President Obama expressed shock that government agencies would ever operate systematically to punish the enemies or reward the friends of sitting presidents.

But students of Public Choice, that discipline that uses economic logic to explain political action, were not surprised at all. And why should they be? Public Choice studies tell us that all government action is best seen as political. All of it. Special-interest influence seeps through in unusual but systematic ways. And it doesn’t take written orders from the top or telephone calls from the Oval Office to make these things happen. People in politics understand the game; they know which side of the bread receives butter.

On the IRS specifically, Jim Couch and colleagues at the University of North Alabama published research in 1999 that focused on statistical treatment of IRS audit activities as conditioned by political variables. The 1995 audit data were part of annual summaries for IRS districts reported in the Transactional Records Access Clearinghouse (TRAC) at Syracuse University.
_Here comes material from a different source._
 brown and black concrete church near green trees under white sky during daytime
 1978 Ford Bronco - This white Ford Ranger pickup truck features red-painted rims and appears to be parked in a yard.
The Couch statistical model explained the frequency of those audits across states. Their explanatory variable included whether or not a state senator sat on the IRS senate oversight committee or a representative sat on the house oversight group, the share of votes cast for President Clinton in 1992, and other variables that are thought to be positively associated with audit activity, such as higher levels of earned income tax credits as proxied by the state poverty rate and gambling income.

Simply put, special interests are increasingly using politics to get what they want because that is where all the power has been concentrated.